Густая метель. В гавани, говорят, настоящее бедствие — все засыпано, не пройти не проехать. Что-то произойдет с таянием? Вот я опасаюсь: на набережной у выступа Биржи выросла гигантская гора снежной свалки.
В 12 часов генеральная репетиция завтрашнего бенефиса О.В.Федоровой. Увы, у меня нет достаточно денег, чтобы почтить эту милую женщину, которую я несколько недель считал своим другом, своим присутствием в самый торжественный день. Сегодня я попал в театр благодаря тому, что меня там еще ценят, и даже я получил без хлопот ложу для семьи —
Нас больше всего интересовал, разумеется, наш сын, но, хотя мы оба отдаем должное его изобретательности, мастерству, чувству поэзии, однако все же мы не были удовлетворены. Во-первых — перепевы Чюрленизма (надо надеяться, что после этого Кока расстанется с этим пережитком мальчишества, ибо, увы, проектики его теперь поражают больше всего своим ребячеством и провинционализмом) ужасно надоели.

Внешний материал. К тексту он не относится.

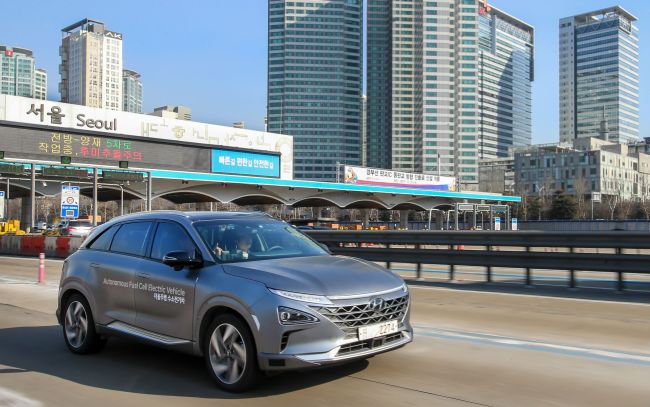 Hyundai NEXO, Kendi Kendine 190 km Yol Yaparak Dünyada Bir İlke İmza Attı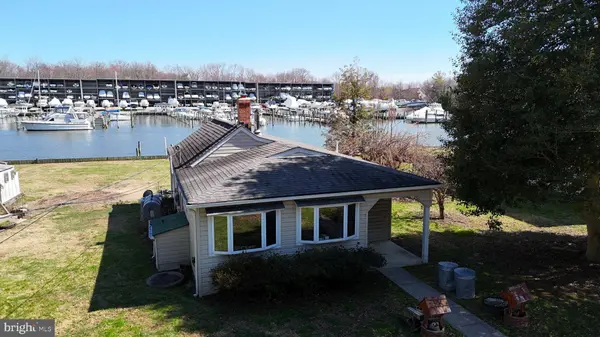 109 HUGHES SHORE RD, Baltimore, MD 21220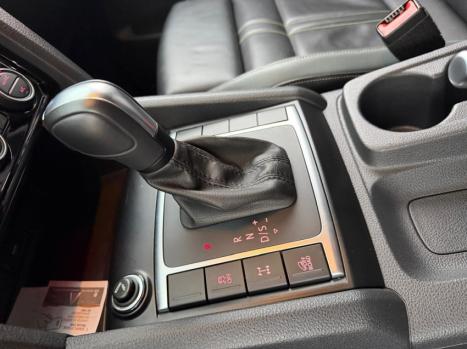 VOLKSWAGEN Amarok 3.0 V6 CABINE DUPLA HIGHLINE EXTREME 4X4 TURBO INTERCOOLER AUTOM�TICO, Foto 14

Особенно ерундистика этих «гениальных космизмов» выразилась в занавеси, вдобавок наспех написанной в одну ночь и потому и страдающей особенно неприятной деталировкой. Апофеоз лучше занавеса картинного, но Кока здесь выказал свою чуждость к театру как к таковому, и вместо того чтобы придать этому заключительному аккорду характер чего-то органически вытекающего из всего предыдущего, — картинностьэта просто появляется как картинаи без участия действующих лиц. И это вызвало даже известное ощущение сухости, и во всех четырех декорациях слишком много подробностей, иногда (в «Лете» и «Весне») при полном игнорировании общего красочного эффекта и композиционной гармоничности, и это в ложно-характерном стиле. Словом, ребячество(отнюдь не наивности, которое могло быть гениальным), в то же время слишком сказывается, что Кока уже пятый год не работает на природе. Наконец, костюмы бедной и неприятной окраски, но в этом он уже менее виноват, а виновно нищенство общих обстоятельств. Кричащие краски… и мехов объясняются тем, что пришлось использовать материи со старых костюмов Всеволожского.
Танцы Леонтьева — верх банальности, и даже юродство Лопухова рядом с ними представляется чем-то интересным. Все театральные генералы очень довольны Кокой (что не мешает им дико эксплуатировать и губить его), но больше всего доволен Экскузович, выразивший и безграничный восторг при встрече со мной. Юродство Лопухова достигло своего апогея в интродукции, изобретенной им для «Лысой горы». При спущенном еще занавесе выходит главный скоморох Солянников и восемь его подружек, становятся флангом к публике и при молчании оркестра раз пятнадцать ударяют в бубны с разными интервалами. Затем занавес поднимается (неплохие декорации Клодта, испорченные каким-то сермягами, служащими обрамлением), эти господа присоединяются к прочим, а их долговязый почтенный вождь пошло и тяжело разыгрывает роль шута, приплетая на ложно-древнерусском языке (sic!) (в балете заговорили) — что-де сейчас они покажут действо, как сочетается браком Черномор с какой-то там колдуньей, и только после этого начинается музыка, иллюстрирование на сцене сохой, которой вспахивают землю, и четыре метельщика за ней подметают. Этой идиотской сохой и метельщиками заканчивается «балет», причем, разумеется, совершенно загублен гениальный «Рассвет» Мусоргского. Но в танцах кое-что неплохо и хитро выдумано и налажено. Лопухова всего передернуло, когда, встретив его на сцене, я ему сказал: «Разговор будет потом, и долгий». На самом деле, понятно, постараюсь избежать этого разговора, ибо это все равно ни к чему: от безвкусия в сорок лет человека не излечить. Да к тому же за эти два года он успел обзавестись поклонниками и льстецами, возомнил себя полубогом, и я уже для него не авторитет.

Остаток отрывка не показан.